Sumunar Jati mengutip ayat Al-Quran yang bermakna, “Dan Kami berfirman: “Hai Adam, diamilah oleh kamu dan isterimu surga ini, dan makanlah makanan-makanannya yang banyak lagi baik dimana saja yang kamu sukai, dan janganlah kamu dekati pohon ini, yang menyebabkan kamu termasuk orang-orang yang zalim.” (Q.S. 2: 35). Ayat semacam ini disebut dan diulang lagi dengan makna yang sama di dalam Al-Quran (Q.S. 7: 19).
Melarang Mendekati, Apalagi Mengkonsumsi
Sungguh indah ungkapan bahaya yang dipergunakan di dalam ayat tersebut, dengan kandungan makna yang sangat mendalam. Allah melarang mendekati, dengan ungkapan bahasa yang tegas. Maka melanggarnya, apalagi memakan apa yang dilarang itu, tentu jauh lebih berat lagi, dan beresiko sangat fatal. Seperti dalam ayat yang lain, Allah melarang mendekati zina (maksud Q.S. 17: 32). Maka melakukan apa yang dilarang Allah itu, yakni berbuat zina (Na’udzubillahi min dzalik), tentu lebih buruk lagi, dan berdampak sangat fatal.
Karena tertipu oleh Setan dengan mengikuti bujuk-rayunya, Adam bersama istrinya pun melanggar larangan Allah, berbuat maksiat dan dosa. Bukan hanya mendekati pohon yang terlarang itu, tetapi juga memakan makanan (buah dari pohon tersebut) yang dilarang baginya. Maka akibatnya sangat fatal, keduanya pun diusir dari Surga yang penuh kenikmatan tiada tara: “Maka syaitan membujuk keduanya (untuk memakan buah itu) dengan tipu daya. Tatkala keduanya telah merasai buah kayu itu, nampaklah bagi keduanya aurat-auratnya, dan mulailah keduanya menutupinya dengan daun-daun surga. Kemudian Tuhan mereka menyeru mereka: “Bukankah Aku telah melarang kamu berdua dari pohon kayu itu dan Aku katakan kepadamu: “Sesungguhnya syaitan itu adalah musuh yang nyata bagi kamu berdua?” (Q.S. 7: 22).
Memang, Adam dan isterinya kemudian menyesali perbuatan salah yang dilakukan, lalu bertaubat dan berdoa, memohon ampunan kepada Allah: “Keduanya berkata: “Ya Tuhan kami, kami telah menganiaya diri kami sendiri, dan jika Engkau tidak mengampuni kami dan memberi rahmat kepada kami, niscaya pastilah kami termasuk orang-orang yang merugi. (Q.S. 7: 23).

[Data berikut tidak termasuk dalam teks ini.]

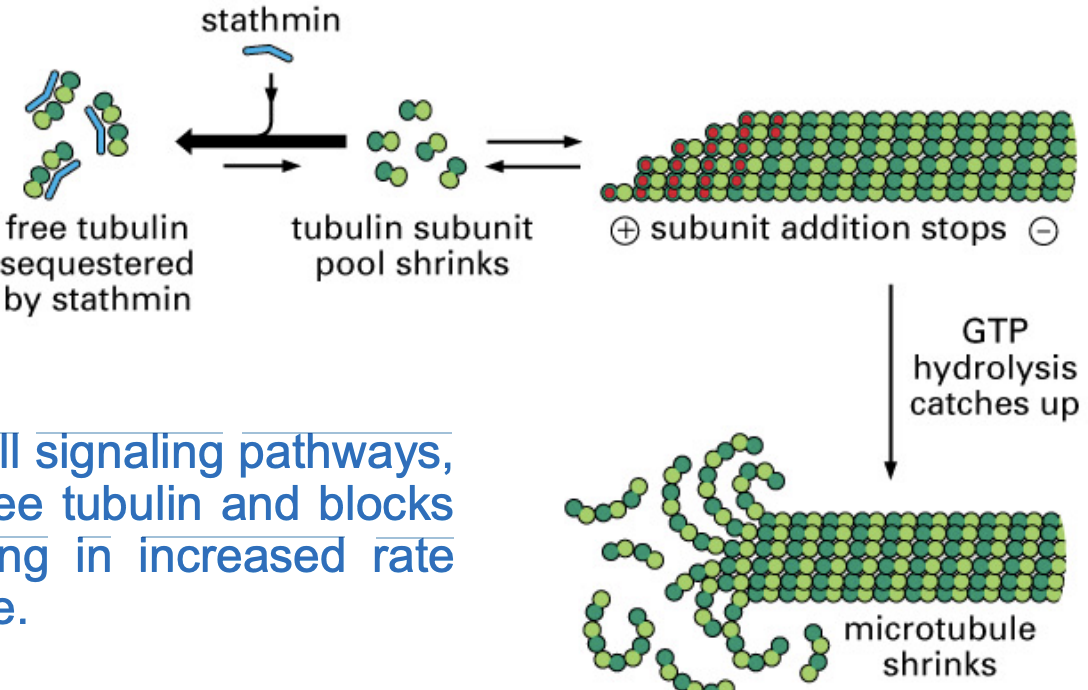 <ul><li><p><strong>binds to free tubulin subunits</strong>, preventing them from assembling into microtubules.</p></li><li><p>MT catastrophe</p></li><li><p>this is a regulatory factor </p><p></p></li></ul><p></p>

Dengan permohonan yang tulus dan penuh kesungguhan, Allah mengampuni dosa keduanya, dan menerima taubat mereka. Namun dosa akibat dari pelanggaran itu, mengkonsumsi makanan yang dilarang, tetap menimpa. Yakni mereka diusir dari Surga. Perhatikanlah firman Allah dengan makna: “Allah berfirman: “Turunlah kamu sekalian, sebahagian kamu menjadi musuh bagi sebahagian yang lain. Dan kamu mempunyai tempat kediaman dan kesenangan (tempat mencari kehidupan) di muka bumi sampai waktu yang telah ditentukan”. (Q.S. 7: 24).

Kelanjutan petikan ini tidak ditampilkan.